Garrison Keillor is one of the best pure prose writers we've got these days. And he seems to make a pretty good living at it. So why does he want to be an opinion columnist?

Well, one rationale, I suppose, would be as an excuse to empty out his notebooks. You know, he's probably got hundreds of vignettes he's half-written over the years; luminous little pieces that just never quite connect to anything; plants that never flower.

Why, you can take any one of those, tack on a paragraph of polemics at the end, and, voila! Opinion column.

That would explain this. It's a old man's lovely little ode to the warmth and courtesies of the American South.

Then, tied on to the end like a tin can to a dog's tail, is this:

If we can't talk to strangers, if there is no public life in America, then it's no wonder politics is so out of whack. And yet in the South, which has produced the most regressive politicians this side of Sudan, who are proud of bad government and lousy wars, in which a disproportionate number of young Southern men die, you keep running into the friendliest people on earth. Explain that to me, sunshine. Sweeten up here and tell me why these good people keep electing those dreadful idiots.

OK, here's a try. I'll even overlook the grotesque hyperbole of "most regressive politicians this side of Sudan," which, if you draw the straight line between Sudan and Texas, includes Cuba.

The problem is, he's asking the question backwards. Disproportionate numbers of Dixie boys die in our Middle Eastern and Asian wars because Southerners, disproportionately, volunteer for the armed services. Part of that, no doubt, is economics. But part of it is a culture and collective ethos that values sacrifice and service, and that respects a military career. And yes, they are different than the rest of us. But it's not alien to the aspect of them that is generous and courteous.

And because they have such a greater stake in the nation's military honor, and in the respect given to those who volunteer for it, they are less likely to choose the candidates Keillor would seem to prefer they choose, the ones who still can't seem to wipe that "I just tossed my Purple Heart over the fence and denounced soldiers as baby-killers" gleam from their eyes. The ones who are just a little too cozy with the career denouncers of "American militarism" and a little too willing to understand those who chant "Death to America."

Even when the alternative turns out, like Dubya, to be incompetent leaders of that military. Because that's when the other half of the answer kicks in. Once the shooting starts, once the hometown boys start getting killed and all their lives are at risk, you rally to your captain, no matter what sort of disagreements you have with him. The mentality runs itself into a particular set of potential problems. But it is hardly the inexplicable contradiction Keillor seems to feel it is, in wondering how people can be obviously nice and yet fail to fall into line with his politics.

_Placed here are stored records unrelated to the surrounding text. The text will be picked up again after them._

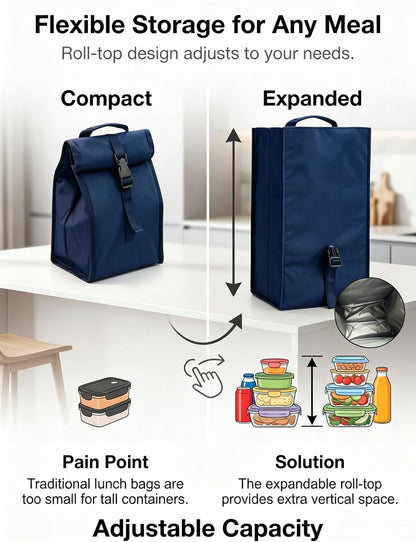 Insulated Foldable Lunch Bag- Lightweight Portable with Adjustable Shoulder Strap Lunch Box for Men, Women, Office, Work, Picnic, Hiking and Beach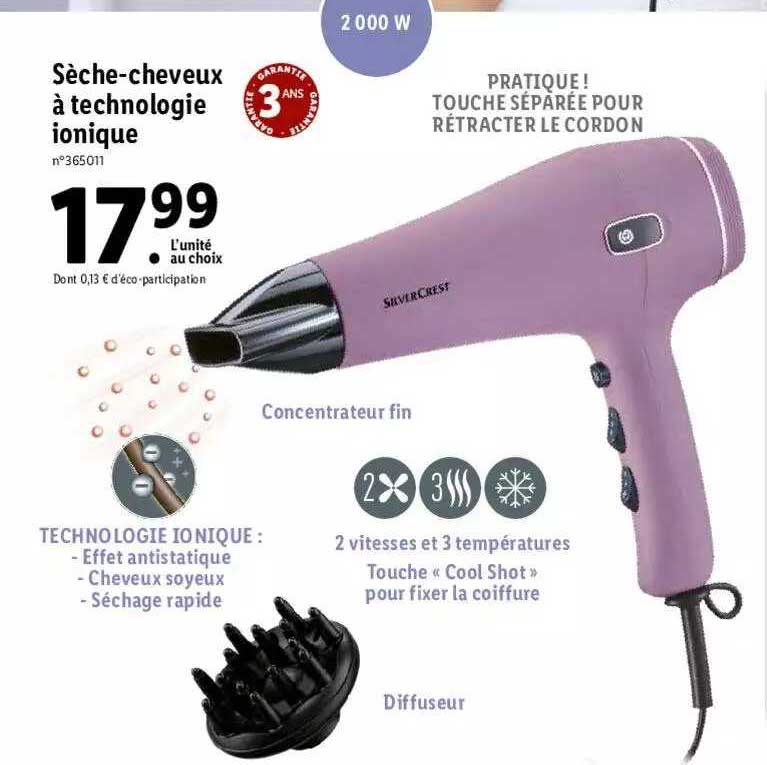 sèche-cheveux à technologie ionique silverCrest
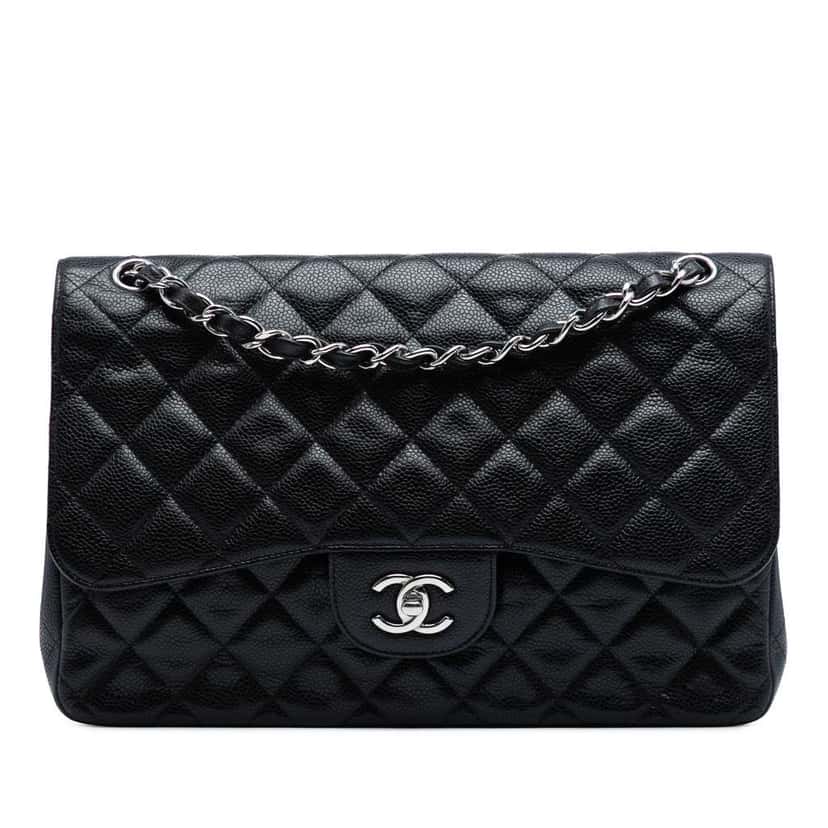 Chanel Jumbo Classic Caviar Double Flap Black Leather Good condition - Front View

Ever wonder why the Southern Confederacy of 1861-65, a fractious nation with a back-stabbing government, but at war through its entire existence, never developed a two-party system? Its constitution, in its political aspects, was essentially a carbon copy of the U.S. constitution.

The people who so confound Garrison Keillor are people who understand that what you say to -- and in the presence of -- other people, matters. It matters. A waitress's "dear," a little word of politeness, can change your whole attitude toward her. And she knows it. It might even mean an extra buck in her tip, but that's not why she does it.

He sees that. Well, chances are that same waitress intuitively knows that a big premature public mouth-off about your own people's futility and failure while the army is still in the field, and her own son is with it in uniform, can change things, too. And not for the better. And the price waiting to be paid is a lot more than some Yankee scribbler's tip.